_Task requirements_
Give only the number of lines in the data that contain the word "background".

::: Provided material :::

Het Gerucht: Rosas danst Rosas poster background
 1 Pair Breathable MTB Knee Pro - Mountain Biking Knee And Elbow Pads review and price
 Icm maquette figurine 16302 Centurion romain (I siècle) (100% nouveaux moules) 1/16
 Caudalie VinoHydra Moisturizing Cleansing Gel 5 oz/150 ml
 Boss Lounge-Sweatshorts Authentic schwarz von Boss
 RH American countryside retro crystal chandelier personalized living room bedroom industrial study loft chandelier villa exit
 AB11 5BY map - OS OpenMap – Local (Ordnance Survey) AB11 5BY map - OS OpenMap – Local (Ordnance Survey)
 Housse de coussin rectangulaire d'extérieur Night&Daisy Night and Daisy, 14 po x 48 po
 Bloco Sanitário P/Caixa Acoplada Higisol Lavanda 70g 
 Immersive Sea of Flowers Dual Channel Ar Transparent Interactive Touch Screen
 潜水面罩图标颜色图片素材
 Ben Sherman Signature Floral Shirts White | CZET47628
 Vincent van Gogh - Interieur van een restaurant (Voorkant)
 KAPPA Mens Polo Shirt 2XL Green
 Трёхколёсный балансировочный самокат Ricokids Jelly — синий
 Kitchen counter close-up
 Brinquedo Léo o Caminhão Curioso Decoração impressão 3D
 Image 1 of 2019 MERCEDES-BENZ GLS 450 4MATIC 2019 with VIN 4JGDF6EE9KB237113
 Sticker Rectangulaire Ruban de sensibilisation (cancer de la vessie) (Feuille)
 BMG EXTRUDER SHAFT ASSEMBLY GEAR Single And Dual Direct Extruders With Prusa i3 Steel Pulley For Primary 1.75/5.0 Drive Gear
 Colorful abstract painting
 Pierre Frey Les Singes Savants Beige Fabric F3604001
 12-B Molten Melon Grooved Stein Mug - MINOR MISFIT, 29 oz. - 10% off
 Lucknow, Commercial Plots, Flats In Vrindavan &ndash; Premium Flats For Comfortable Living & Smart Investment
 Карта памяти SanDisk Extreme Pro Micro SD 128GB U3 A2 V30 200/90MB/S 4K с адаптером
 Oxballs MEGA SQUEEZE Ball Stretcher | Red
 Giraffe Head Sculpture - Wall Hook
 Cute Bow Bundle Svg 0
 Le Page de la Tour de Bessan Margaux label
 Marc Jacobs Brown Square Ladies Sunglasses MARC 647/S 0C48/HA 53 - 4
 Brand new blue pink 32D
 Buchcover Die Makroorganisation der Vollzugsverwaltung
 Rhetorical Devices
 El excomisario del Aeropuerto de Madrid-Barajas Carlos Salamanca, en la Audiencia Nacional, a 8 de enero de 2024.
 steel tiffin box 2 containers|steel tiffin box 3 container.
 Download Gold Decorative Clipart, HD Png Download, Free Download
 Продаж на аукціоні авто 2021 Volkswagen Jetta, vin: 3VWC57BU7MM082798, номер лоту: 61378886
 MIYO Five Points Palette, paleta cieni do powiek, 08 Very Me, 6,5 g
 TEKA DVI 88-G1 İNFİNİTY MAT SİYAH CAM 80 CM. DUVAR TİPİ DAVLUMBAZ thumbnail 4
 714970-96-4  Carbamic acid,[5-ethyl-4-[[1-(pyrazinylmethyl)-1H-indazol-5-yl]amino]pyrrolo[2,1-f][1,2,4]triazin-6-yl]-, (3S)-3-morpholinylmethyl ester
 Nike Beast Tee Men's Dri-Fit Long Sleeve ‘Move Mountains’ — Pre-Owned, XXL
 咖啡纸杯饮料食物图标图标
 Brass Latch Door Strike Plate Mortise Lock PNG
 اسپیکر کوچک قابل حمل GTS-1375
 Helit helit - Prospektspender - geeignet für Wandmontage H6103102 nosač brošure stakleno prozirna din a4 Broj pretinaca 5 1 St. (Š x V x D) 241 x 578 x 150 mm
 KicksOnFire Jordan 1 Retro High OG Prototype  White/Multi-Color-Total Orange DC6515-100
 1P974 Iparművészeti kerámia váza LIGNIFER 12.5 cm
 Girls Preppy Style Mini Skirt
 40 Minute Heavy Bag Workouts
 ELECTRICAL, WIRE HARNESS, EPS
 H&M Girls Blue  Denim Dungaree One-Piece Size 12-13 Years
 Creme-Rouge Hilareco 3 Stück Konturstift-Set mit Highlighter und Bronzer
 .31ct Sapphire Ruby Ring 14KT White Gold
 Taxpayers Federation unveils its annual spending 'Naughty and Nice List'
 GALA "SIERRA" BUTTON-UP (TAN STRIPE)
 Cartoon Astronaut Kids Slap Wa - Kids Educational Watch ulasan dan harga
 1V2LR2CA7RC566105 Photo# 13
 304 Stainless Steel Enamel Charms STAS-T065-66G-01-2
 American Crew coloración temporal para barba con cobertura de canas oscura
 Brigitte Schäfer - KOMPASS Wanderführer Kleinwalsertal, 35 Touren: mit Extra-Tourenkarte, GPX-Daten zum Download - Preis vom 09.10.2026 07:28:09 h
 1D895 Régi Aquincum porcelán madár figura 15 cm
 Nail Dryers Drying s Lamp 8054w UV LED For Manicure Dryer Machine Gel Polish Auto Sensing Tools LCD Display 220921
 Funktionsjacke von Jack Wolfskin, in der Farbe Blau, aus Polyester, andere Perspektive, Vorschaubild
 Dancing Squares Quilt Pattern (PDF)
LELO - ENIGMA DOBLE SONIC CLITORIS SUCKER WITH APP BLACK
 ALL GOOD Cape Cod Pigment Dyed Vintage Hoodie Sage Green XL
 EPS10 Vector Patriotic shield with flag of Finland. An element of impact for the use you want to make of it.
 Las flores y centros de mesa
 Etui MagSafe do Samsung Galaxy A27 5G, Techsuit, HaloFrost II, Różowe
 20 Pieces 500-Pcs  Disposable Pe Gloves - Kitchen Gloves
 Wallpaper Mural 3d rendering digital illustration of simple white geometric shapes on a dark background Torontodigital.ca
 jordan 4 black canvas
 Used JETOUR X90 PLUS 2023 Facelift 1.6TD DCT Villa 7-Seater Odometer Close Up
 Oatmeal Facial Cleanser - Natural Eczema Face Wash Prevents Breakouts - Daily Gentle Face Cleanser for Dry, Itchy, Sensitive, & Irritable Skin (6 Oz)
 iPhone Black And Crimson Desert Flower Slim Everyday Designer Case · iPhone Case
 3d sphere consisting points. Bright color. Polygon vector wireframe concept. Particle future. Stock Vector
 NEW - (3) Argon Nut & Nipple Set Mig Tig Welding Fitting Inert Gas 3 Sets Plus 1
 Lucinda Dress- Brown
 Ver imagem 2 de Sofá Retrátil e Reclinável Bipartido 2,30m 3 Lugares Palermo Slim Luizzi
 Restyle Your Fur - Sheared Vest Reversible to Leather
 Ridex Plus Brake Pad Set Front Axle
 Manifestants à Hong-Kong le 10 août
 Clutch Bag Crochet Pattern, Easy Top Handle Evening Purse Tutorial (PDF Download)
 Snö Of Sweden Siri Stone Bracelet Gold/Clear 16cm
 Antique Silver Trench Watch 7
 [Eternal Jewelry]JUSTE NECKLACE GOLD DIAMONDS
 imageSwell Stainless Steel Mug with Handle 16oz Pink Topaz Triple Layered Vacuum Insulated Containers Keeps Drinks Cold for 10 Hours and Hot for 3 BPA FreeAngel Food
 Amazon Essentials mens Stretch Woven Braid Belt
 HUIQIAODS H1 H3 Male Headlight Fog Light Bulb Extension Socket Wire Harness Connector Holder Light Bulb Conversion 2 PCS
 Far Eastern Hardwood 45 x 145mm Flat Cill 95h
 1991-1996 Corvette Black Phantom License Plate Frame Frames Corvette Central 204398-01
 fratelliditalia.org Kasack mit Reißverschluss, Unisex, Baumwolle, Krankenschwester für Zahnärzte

:::

_Written solution_
2